DNA with a twist: Discovery could further antibiotic drug development
Scientists reveal how a 'molecular machine' in bacterial cells prevents fatal DNA twisting, which could be crucial in the development of new antibiotic treatments.
DNA replication is vital to all lifeforms, but in some organisms it can be prevented by twists in the DNA sequence, called 'supercoils'. If too many supercoils are allowed to build up, cells vital to sustaining life will die.
A molecular machine, called DNA gyrase, which is found in bacterial cells but not human cells, relaxes the twists to allow DNA replication to continue as normal, but until now there was limited understanding of how it does this in real time in actual living cells.
The process is of particular interest to drug developers because if DNA gyrase can be successfully interrupted as it works to stop twists occurring in bacterial DNA cells, the bacteria will die and the threat of infection to the host prevented.
The team from the University of York, in collaboration with the John Innes Centre, Oxford, and the Adam Mickiewicz University, Poland, used a special laser microscope to shine a light on a fluorescent protein, which makes DNA gyrase glow yellow.

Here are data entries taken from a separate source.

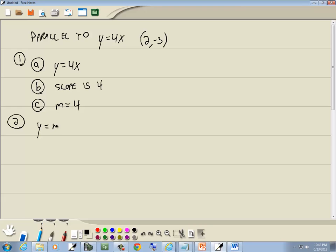Step 2: Plug in the given point for x and y. We'll put -3 in for y. From step 1c, m was 4, so we have -3 = 4(2) + b, and then solve for b.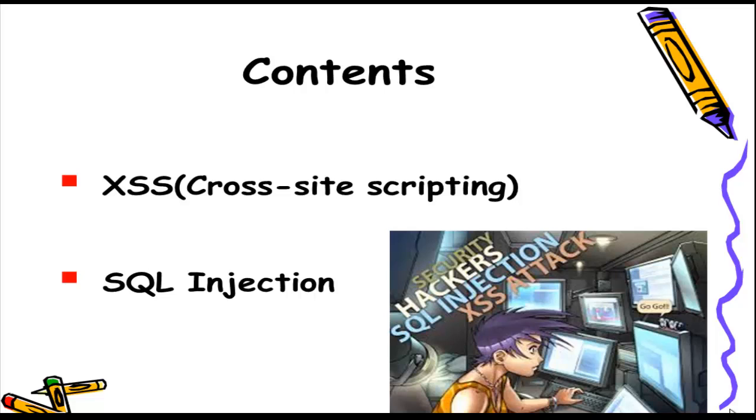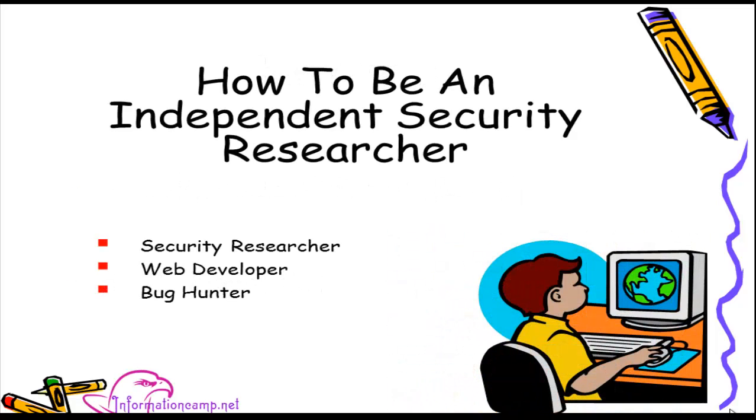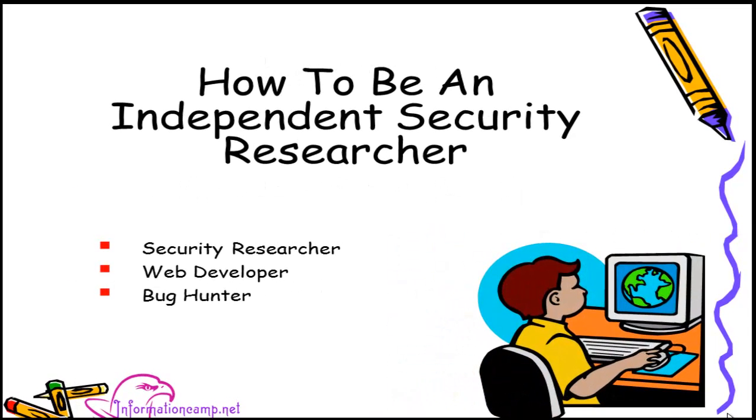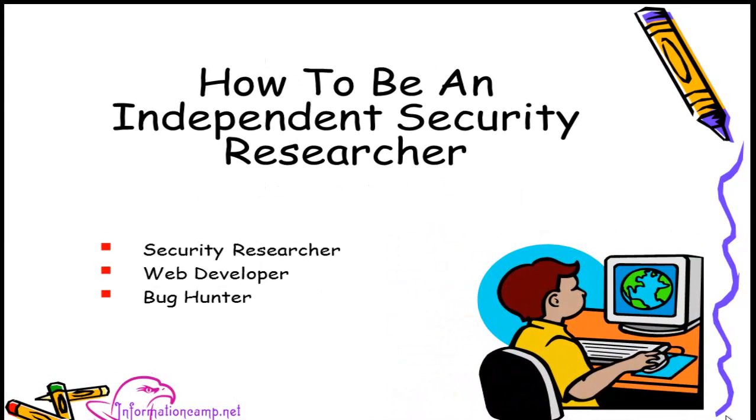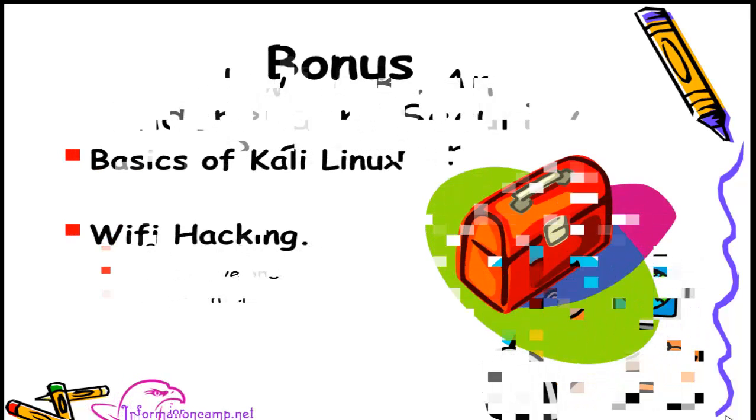In this margin I will cover different phases of security researching. This course is specially designed for security researchers, web developers, and for bug hunters.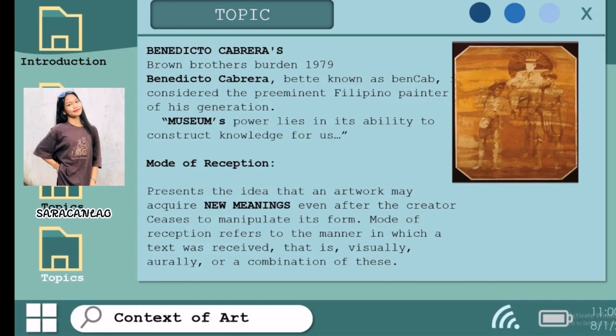I'm Summer Jean Saracanlao. Benedicto Reyes Cabrera, better known as Ben Cab, was born to Democrito Cabrera and Isabel Reyes in Malabon, Philippines, on April 10, 1942. He was the youngest of nine children. Ben Cab's first exposure and discovery of the arts happened through his elder brother Salvador, who was already an established artist during Ben Cab's childhood. He went on to study at the University of the Philippines Diliman, where he explored different visual art forms — photography, draftmanship, and printmaking — while holding his chosen craft as a painter. He received his bachelor's degree in fine arts in 1963.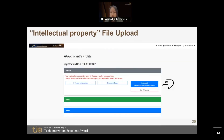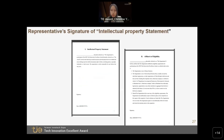The last step is to upload the intellectual property statement. We want to make sure that the technology you are using for innovation is either legally owned or officially licensed — meaning no plagiarism. We have four regulations on the TAI website. We want to make sure that the winner won't infringe on any intellectual property rights. Please sign with the representative signature and scan it back to us. You can download the intellectual property statement form from here.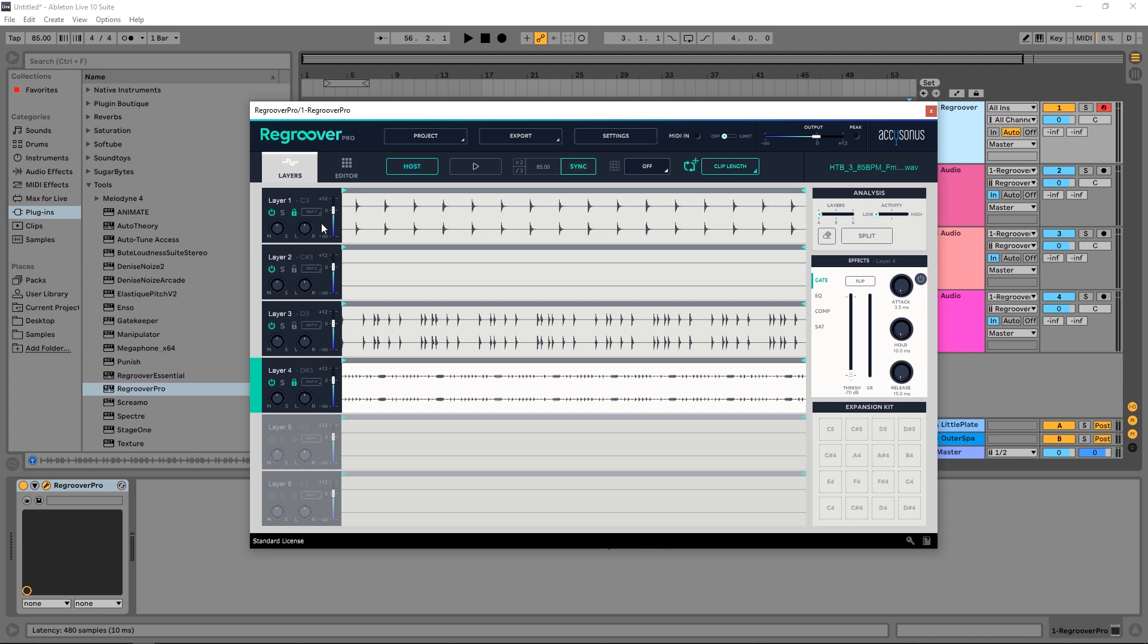Okay, so there you go. I hope you learned something about Regroover Pro today. There's going to be a link in the video description if you want to check it out. I'm Joshua Casper here for Plugin Boutique and I'll see you in the next video.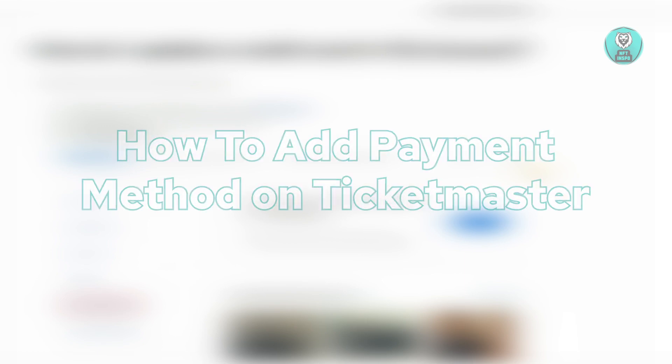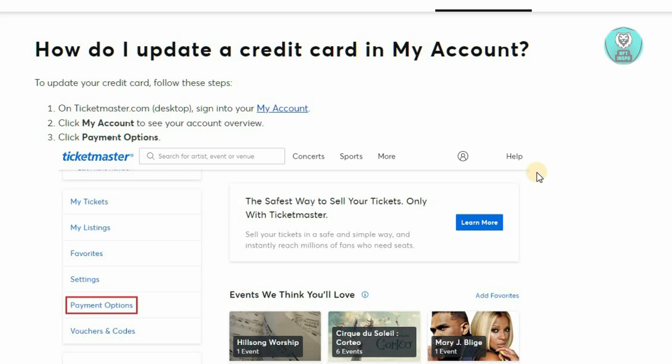The first thing you want to do is sign in to your Ticketmaster account. Once you've done that, click on 'My Account' to see your account overview.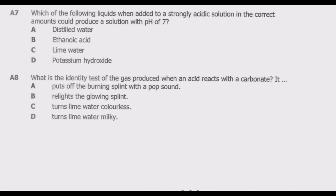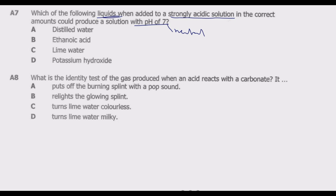Question A7: which of the following liquids, when added to a strongly acidic solution in the correct amounts, could produce a solution with a pH of 7? A pH of 7 means a neutral solution. We start with a strongly acidic solution and add a liquid to get a neutral solution. Distilled water cannot get us to pH 7 because the components of acidity remain — the closest we can reach is about pH 6.9, so A is incorrect.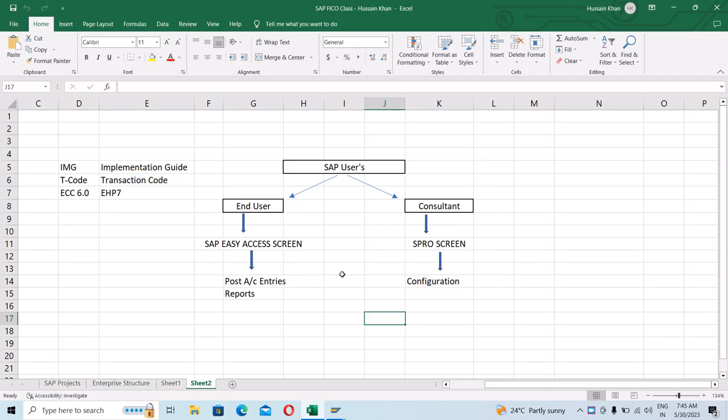Today's class we're going to discuss about SAP users. Basically in SAP there are two types of users: one is the end user and the other one is the consultant. We're going to see where the SAP user works and where the SAP consultant works.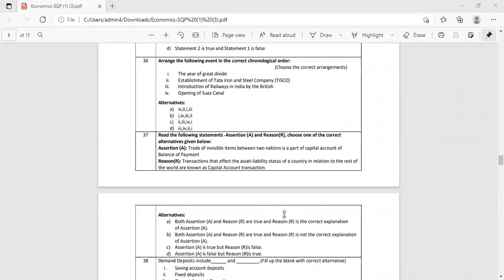Fourth event: opening of the Suez Canal, around 1869–1870. Before the Suez Canal opened, goods traveling between India and the UK had to take a very long route around Africa. After the Suez Canal opened, direct trade between India and the UK became much faster. The instructor checks notes to confirm the exact establishment year of TISCO.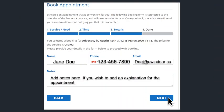The last step is to provide your information. You will need to put your name, phone number, and email. You may also add a note to help your advocate understand the reason for your appointment. Press next to complete your appointment. You will receive an email confirming the appointment.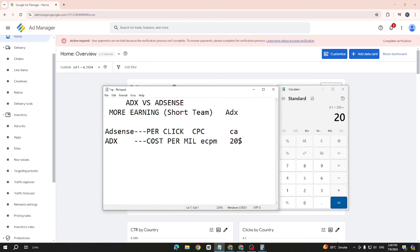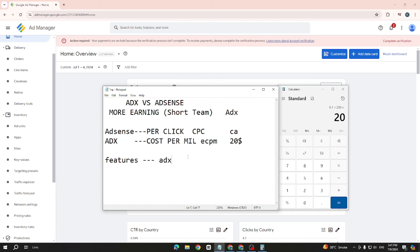Now, ADX vs AdSense on ad placement and features — ADX has many more features. When you create ad units in ADX, there are many ad units of every size supported. ADX also has higher CPC; if someone clicks, the CPC increases more. So in terms of features, AdSense is very simple while ADX is much more advanced.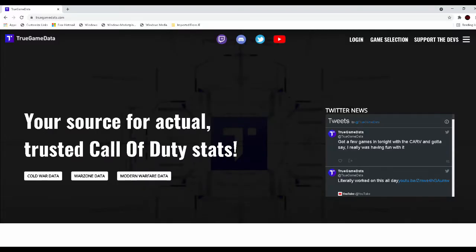Welcome back to the channel. In today's video we're going to be covering the top five sniper support weapons to use in Warzone.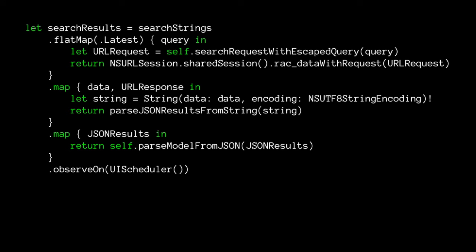For the network call, we use flatMap. FlatMap is like map except instead of going from a value to another value, you go from a value to another signal - it lets you chain signals together. We're chaining our search strings signal to a network request. We take our query string, create a request, and use 'racDataWithRequest', a helper function that creates a signal from an NSURLSession to do a request. That means the network request could fail, and you get all the nice railway-track-style error handling. Now we have a signal that makes a network request every time we type in the text field.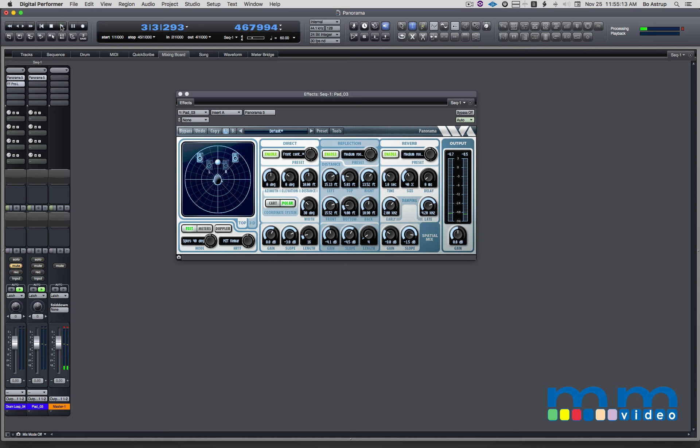Depending on the track it might be okay to have this little bump in volume when you move through the center point. Or again we could add Pro L to tame that three and a half dB boost.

This allowed scientists to see inside a bacterial cell and, for the first time, observe how the molecular machinery prevents twists in DNA.
Professor Mark Leake, from the University of York's Departments of Biology and Physics, said: "By using modified fluorescent proteins the DNA gyrase can be made to glow yellow whereas the cellular machinery, which is used to actually replicate DNA, can be labelled with a different red-glowing protein.
"These separate colours can then be split into different detector channels to enable the precise location of DNA gyrase to be observed relative to the exact point at which DNA replication is actually occurring inside a single living bacterial cell."
The researchers have discovered that the DNA gyrase focuses its twist-relaxation activities just in front of the point at which DNA is being replicated in a cell.
Professor Leake said: "The molecular machines that perform DNA replication shuttle along the DNA, but this work can result in tiny nanoscale twists of DNA that accumulate in front of the replication machinery, just like tangled up cables at the back of your TV set.
"We have now shown that several tens of DNA gyrase molecules actively bind to a zone directly in front of the replication machinery and relax the DNA nano-twists faster than the replication machinery itself moves along the DNA.
DNA gyrase is a target for a number of different antibiotics, but with several 'super-bugs' emerging that are resistant to antibiotics, there is more urgent need to understand how bacterial cells operate in real time.
Professor Leake said: "Now that we know how DNA gyrase really performs its role inside living bacteria, we can assist in the design of new types of drugs that can stop DNA gyrase from working, which will allow drugs to be more targeted and ultimately kill dangerous bacterial infections in humans.
"Human cells have similar mechanisms to resolve DNA twists but using different molecular machines, and our work on DNA gyrase in bacteria gives us valuable insights into the generalised mechanisms governing the operation of this class of remarkable biomolecules for all organisms."